(Data records)
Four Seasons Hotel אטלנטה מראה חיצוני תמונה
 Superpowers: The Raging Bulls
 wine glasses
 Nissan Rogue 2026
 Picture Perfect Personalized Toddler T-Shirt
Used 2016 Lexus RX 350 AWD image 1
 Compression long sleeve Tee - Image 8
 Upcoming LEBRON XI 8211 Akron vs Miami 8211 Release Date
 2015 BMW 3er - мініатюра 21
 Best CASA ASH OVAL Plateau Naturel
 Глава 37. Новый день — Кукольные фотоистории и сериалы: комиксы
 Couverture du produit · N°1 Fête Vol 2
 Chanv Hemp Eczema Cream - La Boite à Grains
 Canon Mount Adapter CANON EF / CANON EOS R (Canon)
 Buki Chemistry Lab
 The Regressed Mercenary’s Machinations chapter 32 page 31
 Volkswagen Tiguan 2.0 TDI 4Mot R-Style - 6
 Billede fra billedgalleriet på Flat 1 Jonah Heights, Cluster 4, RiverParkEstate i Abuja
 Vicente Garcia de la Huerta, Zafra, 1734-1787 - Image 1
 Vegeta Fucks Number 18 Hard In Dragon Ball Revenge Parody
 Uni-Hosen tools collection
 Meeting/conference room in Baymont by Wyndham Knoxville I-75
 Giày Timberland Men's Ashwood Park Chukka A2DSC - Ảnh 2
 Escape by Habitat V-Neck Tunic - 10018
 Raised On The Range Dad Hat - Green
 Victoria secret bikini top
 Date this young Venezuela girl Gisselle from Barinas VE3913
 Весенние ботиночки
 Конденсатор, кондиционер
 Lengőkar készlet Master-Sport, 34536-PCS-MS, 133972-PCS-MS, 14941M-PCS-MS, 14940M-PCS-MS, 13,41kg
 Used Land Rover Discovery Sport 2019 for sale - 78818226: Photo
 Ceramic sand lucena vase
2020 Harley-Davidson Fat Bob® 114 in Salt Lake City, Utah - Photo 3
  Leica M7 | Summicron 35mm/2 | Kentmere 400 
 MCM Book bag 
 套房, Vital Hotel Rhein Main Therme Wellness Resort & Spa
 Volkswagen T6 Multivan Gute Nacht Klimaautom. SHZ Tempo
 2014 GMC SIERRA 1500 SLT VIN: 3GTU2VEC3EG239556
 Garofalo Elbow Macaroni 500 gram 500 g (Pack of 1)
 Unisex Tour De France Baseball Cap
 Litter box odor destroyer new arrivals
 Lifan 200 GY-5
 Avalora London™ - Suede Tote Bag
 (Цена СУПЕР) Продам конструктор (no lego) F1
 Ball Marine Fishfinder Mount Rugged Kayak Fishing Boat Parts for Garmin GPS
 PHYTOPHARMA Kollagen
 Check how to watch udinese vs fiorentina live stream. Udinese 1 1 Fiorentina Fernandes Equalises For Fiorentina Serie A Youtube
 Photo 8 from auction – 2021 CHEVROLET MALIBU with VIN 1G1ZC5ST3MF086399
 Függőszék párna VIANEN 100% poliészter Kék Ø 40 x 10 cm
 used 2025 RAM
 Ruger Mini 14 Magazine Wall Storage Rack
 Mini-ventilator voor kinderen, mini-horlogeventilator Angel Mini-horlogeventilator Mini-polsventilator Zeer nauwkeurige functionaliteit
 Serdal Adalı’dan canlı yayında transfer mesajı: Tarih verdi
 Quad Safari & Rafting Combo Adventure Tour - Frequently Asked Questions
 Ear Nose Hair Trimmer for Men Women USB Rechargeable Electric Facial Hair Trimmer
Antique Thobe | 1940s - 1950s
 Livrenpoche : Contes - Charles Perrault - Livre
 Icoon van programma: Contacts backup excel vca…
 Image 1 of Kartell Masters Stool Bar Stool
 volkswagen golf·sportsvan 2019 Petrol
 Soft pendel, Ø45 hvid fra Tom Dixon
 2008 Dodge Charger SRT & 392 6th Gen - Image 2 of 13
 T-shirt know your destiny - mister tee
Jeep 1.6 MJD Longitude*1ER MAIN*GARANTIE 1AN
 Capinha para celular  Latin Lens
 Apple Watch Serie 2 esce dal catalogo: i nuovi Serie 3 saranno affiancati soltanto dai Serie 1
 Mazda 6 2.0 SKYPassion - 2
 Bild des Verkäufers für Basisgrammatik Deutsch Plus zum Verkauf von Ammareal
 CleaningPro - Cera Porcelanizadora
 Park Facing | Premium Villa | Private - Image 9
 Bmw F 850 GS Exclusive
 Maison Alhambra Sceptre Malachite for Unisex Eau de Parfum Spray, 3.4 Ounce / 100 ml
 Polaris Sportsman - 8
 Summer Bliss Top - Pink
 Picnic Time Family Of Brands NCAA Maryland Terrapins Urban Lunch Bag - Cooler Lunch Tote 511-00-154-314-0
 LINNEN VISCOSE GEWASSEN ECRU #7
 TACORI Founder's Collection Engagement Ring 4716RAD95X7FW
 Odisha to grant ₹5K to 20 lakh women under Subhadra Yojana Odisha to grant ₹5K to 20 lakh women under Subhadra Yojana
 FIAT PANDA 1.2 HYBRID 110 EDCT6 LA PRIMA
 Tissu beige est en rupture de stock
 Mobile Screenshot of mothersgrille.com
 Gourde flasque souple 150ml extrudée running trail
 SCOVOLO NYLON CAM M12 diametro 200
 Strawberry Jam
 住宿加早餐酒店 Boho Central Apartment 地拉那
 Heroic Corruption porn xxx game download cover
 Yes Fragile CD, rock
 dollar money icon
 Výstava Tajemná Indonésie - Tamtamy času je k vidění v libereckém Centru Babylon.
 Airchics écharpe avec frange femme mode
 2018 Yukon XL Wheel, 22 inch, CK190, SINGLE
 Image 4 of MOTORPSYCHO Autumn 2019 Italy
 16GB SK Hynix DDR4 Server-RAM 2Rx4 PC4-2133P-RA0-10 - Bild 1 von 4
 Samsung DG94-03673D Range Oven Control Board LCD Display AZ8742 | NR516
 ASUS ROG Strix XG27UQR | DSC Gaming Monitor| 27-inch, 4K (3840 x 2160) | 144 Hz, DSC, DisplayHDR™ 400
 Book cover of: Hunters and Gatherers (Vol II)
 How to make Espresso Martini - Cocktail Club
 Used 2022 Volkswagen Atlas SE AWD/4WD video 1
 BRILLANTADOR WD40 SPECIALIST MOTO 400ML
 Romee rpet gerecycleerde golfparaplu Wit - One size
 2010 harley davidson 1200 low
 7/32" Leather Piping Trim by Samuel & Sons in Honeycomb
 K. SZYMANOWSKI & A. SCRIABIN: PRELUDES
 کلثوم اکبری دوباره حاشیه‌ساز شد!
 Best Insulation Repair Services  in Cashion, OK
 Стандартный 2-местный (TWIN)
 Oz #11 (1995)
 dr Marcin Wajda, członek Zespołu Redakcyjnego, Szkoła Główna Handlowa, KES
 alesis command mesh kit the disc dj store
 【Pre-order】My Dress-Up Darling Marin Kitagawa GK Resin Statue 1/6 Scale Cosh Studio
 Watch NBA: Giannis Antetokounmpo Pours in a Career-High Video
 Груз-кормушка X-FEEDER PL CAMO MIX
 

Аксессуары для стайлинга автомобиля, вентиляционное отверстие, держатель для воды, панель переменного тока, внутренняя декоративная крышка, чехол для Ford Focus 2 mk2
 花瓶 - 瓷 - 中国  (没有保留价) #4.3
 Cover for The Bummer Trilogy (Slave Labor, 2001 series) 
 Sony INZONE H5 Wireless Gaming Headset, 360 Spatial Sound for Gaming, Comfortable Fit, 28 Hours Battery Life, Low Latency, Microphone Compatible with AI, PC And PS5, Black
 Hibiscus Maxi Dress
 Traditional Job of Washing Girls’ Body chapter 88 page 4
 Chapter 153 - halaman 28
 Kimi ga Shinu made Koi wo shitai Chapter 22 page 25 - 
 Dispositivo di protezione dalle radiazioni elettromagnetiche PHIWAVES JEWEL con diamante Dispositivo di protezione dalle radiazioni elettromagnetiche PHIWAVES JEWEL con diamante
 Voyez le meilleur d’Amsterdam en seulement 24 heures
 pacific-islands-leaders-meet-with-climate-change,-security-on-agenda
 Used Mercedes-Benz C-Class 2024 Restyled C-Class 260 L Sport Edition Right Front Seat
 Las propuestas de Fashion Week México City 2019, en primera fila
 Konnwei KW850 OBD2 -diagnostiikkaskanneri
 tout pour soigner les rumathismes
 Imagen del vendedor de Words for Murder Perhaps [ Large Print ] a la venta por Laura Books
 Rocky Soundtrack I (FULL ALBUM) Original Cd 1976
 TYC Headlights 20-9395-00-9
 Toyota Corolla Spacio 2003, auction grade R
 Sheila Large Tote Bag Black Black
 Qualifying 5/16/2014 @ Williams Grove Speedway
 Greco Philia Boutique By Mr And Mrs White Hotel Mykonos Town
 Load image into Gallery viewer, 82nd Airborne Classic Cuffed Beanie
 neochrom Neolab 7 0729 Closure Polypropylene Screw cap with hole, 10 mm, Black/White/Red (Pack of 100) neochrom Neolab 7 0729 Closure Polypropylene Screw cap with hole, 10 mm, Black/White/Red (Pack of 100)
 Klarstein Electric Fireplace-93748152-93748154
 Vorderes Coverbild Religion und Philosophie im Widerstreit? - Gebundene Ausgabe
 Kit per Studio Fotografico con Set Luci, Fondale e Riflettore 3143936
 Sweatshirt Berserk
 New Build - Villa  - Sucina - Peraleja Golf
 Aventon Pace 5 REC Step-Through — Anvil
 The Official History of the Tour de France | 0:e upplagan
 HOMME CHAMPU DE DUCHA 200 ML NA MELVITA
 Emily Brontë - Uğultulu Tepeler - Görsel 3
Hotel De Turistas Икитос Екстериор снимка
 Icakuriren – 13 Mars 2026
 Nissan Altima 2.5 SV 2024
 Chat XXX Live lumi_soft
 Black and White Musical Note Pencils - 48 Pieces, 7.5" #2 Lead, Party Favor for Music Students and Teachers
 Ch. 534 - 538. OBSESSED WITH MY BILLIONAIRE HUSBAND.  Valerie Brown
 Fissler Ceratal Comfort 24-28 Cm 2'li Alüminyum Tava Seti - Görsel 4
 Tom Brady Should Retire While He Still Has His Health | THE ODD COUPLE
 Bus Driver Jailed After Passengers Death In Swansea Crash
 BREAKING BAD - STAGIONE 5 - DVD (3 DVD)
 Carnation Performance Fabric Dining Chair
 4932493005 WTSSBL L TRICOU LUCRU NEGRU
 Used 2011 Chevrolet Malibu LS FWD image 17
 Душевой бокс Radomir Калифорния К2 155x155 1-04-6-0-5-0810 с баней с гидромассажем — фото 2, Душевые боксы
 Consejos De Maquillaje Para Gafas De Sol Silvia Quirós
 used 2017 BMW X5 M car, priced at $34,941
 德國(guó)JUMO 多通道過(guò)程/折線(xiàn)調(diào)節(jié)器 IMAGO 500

TASK REQUIREMENTS: Which lines of the data include the string "Tour"? Copy each of them.

ANSWER FOR THIS EXERCISE:
 Unisex Tour De France Baseball Cap
 Quad Safari & Rafting Combo Adventure Tour - Frequently Asked Questions
 The Official History of the Tour de France | 0:e upplagan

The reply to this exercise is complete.